Prof. Mohamed Marwan, Universitätsklinikum Erlangen

© Marwan

Kardiovaskuläre Erkrankungen stellen nach wie vor die Haupttodesursache in Deutschland dar. Entsprechend wird der Prävention zunehmend Beachtung geschenkt, wie 2021 mit der Veröffentlichung der europäischen Leitlinie zur kardiovaskulären Prävention [1] verdeutlicht wurde. Die etablierten Risikoscores (z.
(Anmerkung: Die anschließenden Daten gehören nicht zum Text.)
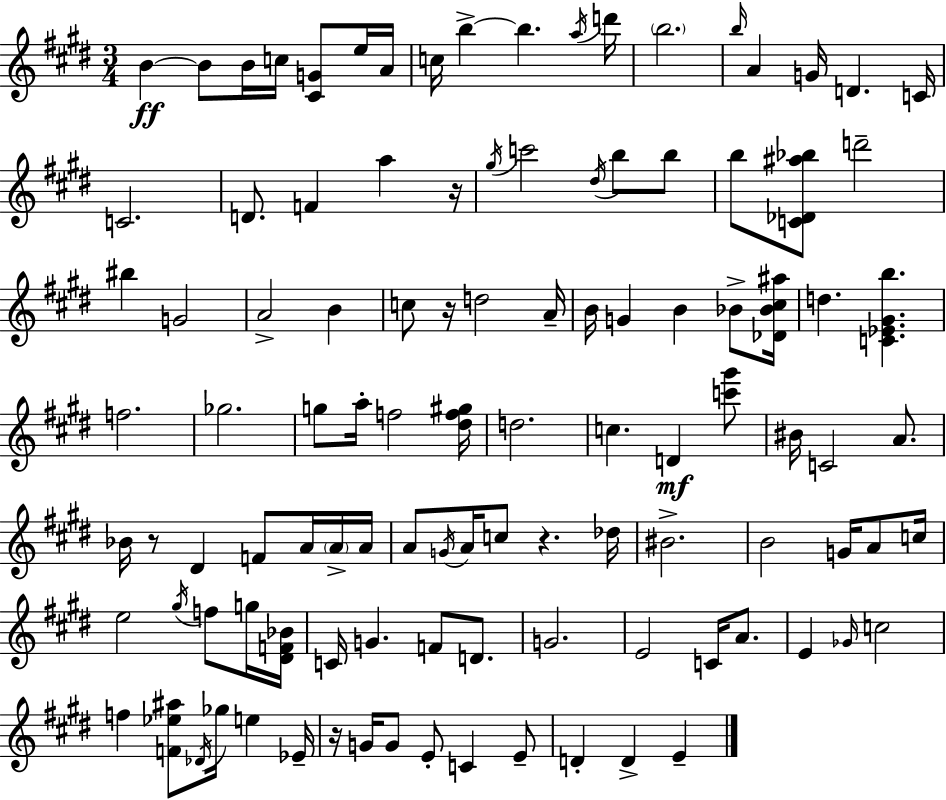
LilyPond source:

{
  \clef treble
  \numericTimeSignature
  \time 3/4
  \key e \major
  b'4~~\ff b'8 b'16 c''16 <cis' g'>8 e''16 a'16 | c''16 b''4->~~ b''4. \acciaccatura { a''16 } | d'''16 \parenthesize b''2. | \grace { b''16 } a'4 g'16 d'4. | \break c'16 c'2. | d'8. f'4 a''4 | r16 \acciaccatura { gis''16 } c'''2 \acciaccatura { dis''16 } | b''8 b''8 b''8 <c' des' ais'' bes''>8 d'''2-- | \break bis''4 g'2 | a'2-> | b'4 c''8 r16 d''2 | a'16-- b'16 g'4 b'4 | \break bes'8-> <des' bes' cis'' ais''>16 d''4. <c' ees' gis' b''>4. | f''2. | ges''2. | g''8 a''16-. f''2 | \break <dis'' f'' gis''>16 d''2. | c''4. d'4\mf | <c''' gis'''>8 bis'16 c'2 | a'8. bes'16 r8 dis'4 f'8 | \break a'16 \parenthesize a'16-> a'16 a'8 \acciaccatura { g'16 } a'16 c''8 r4. | des''16 bis'2.-> | b'2 | g'16 a'8 c''16 e''2 | \break \acciaccatura { gis''16 } f''8 g''16 <dis' f' bes'>16 c'16 g'4. | f'8 d'8. g'2. | e'2 | c'16 a'8. e'4 \grace { ges'16 } c''2 | \break f''4 <f' ees'' ais''>8 | \acciaccatura { des'16 } ges''16 e''4 ees'16-- r16 g'16 g'8 | e'8-. c'4 e'8-- d'4-. | d'4-> e'4-- \bar "|."
}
B. Framingham-Score [2]) mit Risikofaktoren wie z. B. Bluthochdruck erlauben eine erste Einordnung des kardiovaskulären Risikos. Jedoch hat sich gezeigt, dass diese Scores das individuelle Risiko teilweise unterschätzen. Insbesondere bei Frauen und jüngeren Patientinnen und Patienten scheint das individuelle Risiko nur unvollständig abgebildet [3, 4]
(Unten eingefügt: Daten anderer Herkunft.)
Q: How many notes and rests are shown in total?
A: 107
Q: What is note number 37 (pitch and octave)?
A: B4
Um hier die Lücke zu schließen, rücken bildgebende Verfahren zunehmend in den Fokus. Während der Carotis-Ultraschall inkl. Messung der Intima-Media-Dicke in der aktuellen Leitlinie aufgrund fehlender Standardisierung keine klare Empfehlung findet, zeigt sich die kardiale Computertomografie dagegen mit einem größeren Stellenwert. Koronarer Kalk-Score und CT-Angiografie erlauben eine direkte Visualisierung der atherosklerotischen Veränderungen am Herzen. Koronare Kalzifizierungen zeigen sich insbesondere bei jüngeren, asymptomatischen Patientinnen und Patienten prädiktiv für kardiovaskuläre Ereignisse und erhöhte Mortalität, sodass abhängig vom Koronarkalk-Score eine Reklassifizierung (up- oder downgrading) des kardiovaskulären Risikos empfohlen wird [1, 5].
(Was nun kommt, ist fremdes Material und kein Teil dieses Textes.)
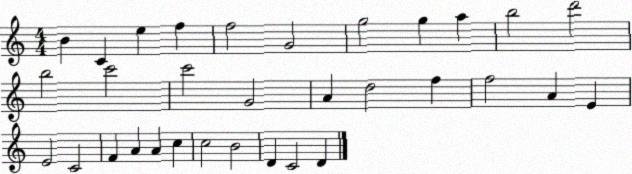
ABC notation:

X:1
T:Untitled
M:4/4
L:1/4
K:C
B C e f f2 G2 g2 g a b2 d'2 b2 c'2 c'2 G2 A d2 f f2 A E E2 C2 F A A c c2 B2 D C2 D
Abb. 1--  CT-Koronarangiografie: Multiplanare Rekonstruktion des linken Hauptstammes und Ramus interventrikularis anterior (RIVA). Es zeigt sich eine diffuse Atherosklerose ohne hochgradige Stenosen mit nicht verkalkter Plaque im Bereich der proximalen RIVA (weißer Pfeil) sowie verkalkter Plaque im Bereich der mittleren RIVA (roter Pfeil).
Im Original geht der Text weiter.